I wish I had remembered, two years ago, that Sinéad Morrissey’s Through the Square Window was written between her first pregnancy and the first two weeks of her second child’s life. Of course, while I’d have particularly appreciated a lot of the collection at the time, it still resonates, to the point that it’s difficult to decide what, specifically, to share.
There are some lovely passages about pregnancy: “how you came to roll and hiccup and kick / against the windowless dark, feet to my heart / and skull to the pelvic cradle,” from Matter (reminiscent, however vaguely, and perhaps only to me, of Plath’s You’re)
It seems I’ve shared two birth poems before: “and in that inner cinema saw / the ruched vermilion curtains rise / on a vast screen showing lava. There, / you issued forth in scarlet flumes, / in cinescope, in a sunrise of burst veins.” (from “I had my eyes shut the whole time”, in Newborn by Kate Clanchy) and The Language of the Brag by Sharon Olds – and I compare some of their imagery here. Well, to continue a theme, here is some more:
‘Love, the nightwatch…’
Love, the nightwatch, gloved and gowned, attended.

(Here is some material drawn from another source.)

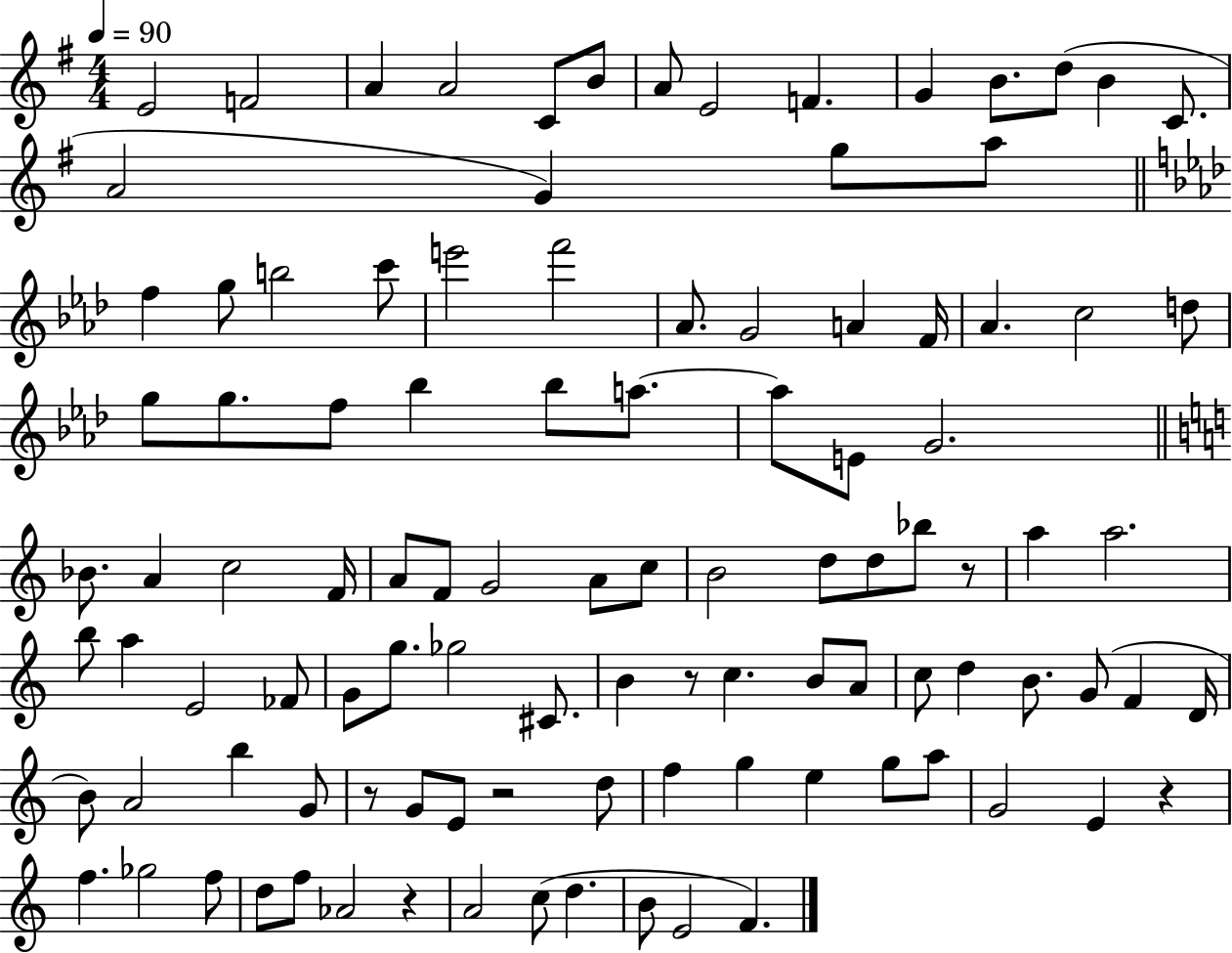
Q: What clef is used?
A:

Your father held my hand. His hands grew bruised
and for days afterwards wore a green and purple coverlet
when he held you to the light, held your delicate, dented
head, thumbed-in like a water font. They used
stopwatches, clip charts, the distant hoof beats of a heart
(divined, it seemed, by radio, so your call fell intertwined
with taxicabs, police reports, the weather blowing showery
from the north) and a beautiful fine white cane,
carved into a fish hook. I was a haystack the children climbed
and ruined, collapsing almost imperceptibly
at first, then caving in spectacularly as you stuttered and came
– crook-shouldered, blue, believable, beyond me –
in a thunder of blood, in a flood-plain of intimate stains.
But wait! There’s more!
There are poems about how bloody hard it is sometimes (“five weeks in / to our botched conversation / of doorways and diptychs, of wreckage, / of howling, and he unknown, […] a screaming boy abandoned on the floor, / and me, no longer listening, / but thinking instead of storks – […] and I wished the stork back, / with its bundle-used beak / and impossible kindnesses – / I wished the stork back.” – from Missing Winter), but right now what’s most compelling to me are the parts about the commencement of speech, a child who “has been taking the wheel of speech / into his mouth / then letting it go // to test its new circumference.” (from Townhouse), and this:
As though the world were a spiral staircase,
and the order in which you ascended it
already set, I wanted the words
you attempted first to be solid and obvious:
apple, finger, spoon. The bat
hanging like a blister in your drool-proof
baby book or the lovesick cricket
with its gossamer instrument
were surely to be held back:
until I could explain, until I could build
you a zoo of improbable candidates
and properly introduce you.
But you were too quick –
like panic, there was no stopping it –
each day’s vast, unbreachable
impact – and language,
in whatever ramshackle order
it made its presence felt –
a movable moon, the guts
of a clock, a fire escape –
rained down and into you, like
Catherine Linton’s wine-through-water
dream of the heath and expulsion
from heaven. I cannot hang
a curtain to keep it off. I cannot
section it. It is entering via
the ear’s aqueduct, every
listening second, trickling in
to its base equilibrium
and carrying with it an image in negative
to be absorbed by the brain and stored.
Bah! humbug! you say, aged two,
like the terrible man
in the cape with the walking stick
you glimpsed in the afternoon,
and what we assumed you knew
is jolted on its axis; then this:
at six o’clock the ghost
of a child might come and eat porridge.
We are speechless.
See the intro/roundup.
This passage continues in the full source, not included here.